Many other ways to improve fficiency too- what are you hitting and why is it bad? Consistency is at least as important as squeezing out high numbers.
 
Im getting around 70% efficiency, consistancy is good , no stuck sparges- just wondering what it might do for me?
 
Give it a whirl. There are a few who've tried it with more success than me. I was careless with my moisture amounts.
 
I should have said it better in the first instance, I was thinking about efficiency, and how I would go about increasing mine. I'm not desperate to increase it, just toying with ideas- this seemed to make sense.
 
Yeah, all I read says moisture amounts are key, and allowing time for the husks to absorb it. Might give it a whirl.
 
Sambrew said:
Looking for a way to improve my efficiency and came across the idea today.
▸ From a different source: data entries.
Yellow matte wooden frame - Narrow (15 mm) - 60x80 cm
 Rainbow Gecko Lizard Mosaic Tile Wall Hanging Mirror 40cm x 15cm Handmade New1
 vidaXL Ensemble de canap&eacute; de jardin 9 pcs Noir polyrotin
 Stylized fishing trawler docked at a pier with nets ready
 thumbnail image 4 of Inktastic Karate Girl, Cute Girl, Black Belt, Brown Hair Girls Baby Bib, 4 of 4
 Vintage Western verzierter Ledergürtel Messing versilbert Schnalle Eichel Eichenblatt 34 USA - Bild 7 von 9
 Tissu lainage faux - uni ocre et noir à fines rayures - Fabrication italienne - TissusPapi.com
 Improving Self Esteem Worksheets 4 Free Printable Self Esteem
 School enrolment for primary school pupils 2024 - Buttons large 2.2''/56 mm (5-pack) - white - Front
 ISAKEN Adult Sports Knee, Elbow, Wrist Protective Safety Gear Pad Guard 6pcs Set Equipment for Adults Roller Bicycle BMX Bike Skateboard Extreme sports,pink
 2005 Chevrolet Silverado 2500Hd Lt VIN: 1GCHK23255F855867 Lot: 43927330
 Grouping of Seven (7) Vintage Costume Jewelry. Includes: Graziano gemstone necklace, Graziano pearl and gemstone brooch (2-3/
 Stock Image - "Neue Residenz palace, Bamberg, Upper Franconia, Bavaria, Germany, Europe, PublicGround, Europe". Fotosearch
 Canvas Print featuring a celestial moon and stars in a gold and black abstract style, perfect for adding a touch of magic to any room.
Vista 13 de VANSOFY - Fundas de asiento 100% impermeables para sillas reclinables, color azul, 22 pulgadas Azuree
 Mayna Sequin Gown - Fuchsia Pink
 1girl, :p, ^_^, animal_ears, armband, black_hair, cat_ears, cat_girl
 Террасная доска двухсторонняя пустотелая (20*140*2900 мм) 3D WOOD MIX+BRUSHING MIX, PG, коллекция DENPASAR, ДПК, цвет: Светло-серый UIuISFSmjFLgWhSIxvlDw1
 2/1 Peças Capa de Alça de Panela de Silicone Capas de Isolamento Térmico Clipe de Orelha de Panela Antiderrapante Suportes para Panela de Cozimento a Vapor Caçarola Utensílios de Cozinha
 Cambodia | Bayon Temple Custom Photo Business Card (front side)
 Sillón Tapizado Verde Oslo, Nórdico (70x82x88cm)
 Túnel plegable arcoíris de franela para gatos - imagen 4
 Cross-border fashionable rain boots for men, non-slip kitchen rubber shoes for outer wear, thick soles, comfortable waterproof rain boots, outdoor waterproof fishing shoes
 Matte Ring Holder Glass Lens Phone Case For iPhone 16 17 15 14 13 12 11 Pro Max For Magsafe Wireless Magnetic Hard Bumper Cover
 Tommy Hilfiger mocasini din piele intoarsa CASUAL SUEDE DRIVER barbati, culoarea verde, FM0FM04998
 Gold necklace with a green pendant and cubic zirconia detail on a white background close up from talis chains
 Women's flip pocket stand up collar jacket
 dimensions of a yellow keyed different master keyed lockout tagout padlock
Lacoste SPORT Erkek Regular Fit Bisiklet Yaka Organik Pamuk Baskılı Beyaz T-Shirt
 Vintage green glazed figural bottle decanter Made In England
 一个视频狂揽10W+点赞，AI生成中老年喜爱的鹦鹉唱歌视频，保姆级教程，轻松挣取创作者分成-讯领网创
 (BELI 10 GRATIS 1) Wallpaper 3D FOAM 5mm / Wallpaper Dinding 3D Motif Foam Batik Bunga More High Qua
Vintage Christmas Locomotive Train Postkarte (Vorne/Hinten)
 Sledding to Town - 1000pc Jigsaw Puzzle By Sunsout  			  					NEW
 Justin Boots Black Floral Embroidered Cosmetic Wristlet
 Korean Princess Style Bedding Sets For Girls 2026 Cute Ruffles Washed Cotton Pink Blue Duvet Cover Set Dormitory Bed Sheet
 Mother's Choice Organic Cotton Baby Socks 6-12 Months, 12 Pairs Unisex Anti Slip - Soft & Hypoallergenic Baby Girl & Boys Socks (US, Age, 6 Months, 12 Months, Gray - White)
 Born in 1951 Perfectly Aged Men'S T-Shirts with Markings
http://beerandwinejournal.com/malt-conditioning/
Wondering who does this and which techniques you use? i.e.: Misting vs steaming. Does it allow a finer crush? - how fine? Does it just make a mess or does it work?
It stops the dust and stops dough balling in the mash, the later will result in better numbers.
Nev
 
So mashing in below gelatinisation temp should give similar results to conditioning?
 
I did it a few times. I sprayed water onto the grain at a rate of 1%w/w and then let it sit for 30 mins before milling. I found I could set the mill a lot closer and keep the husk intact and found I could increase the water rate to 2% without gumming. In fact I always found the milled grain after conditioning took up much more room in my buckets than unconditioned milled grain. I think I gained a couple of percent increase in efficiency, but in the end it was more work for little gain, so I stopped.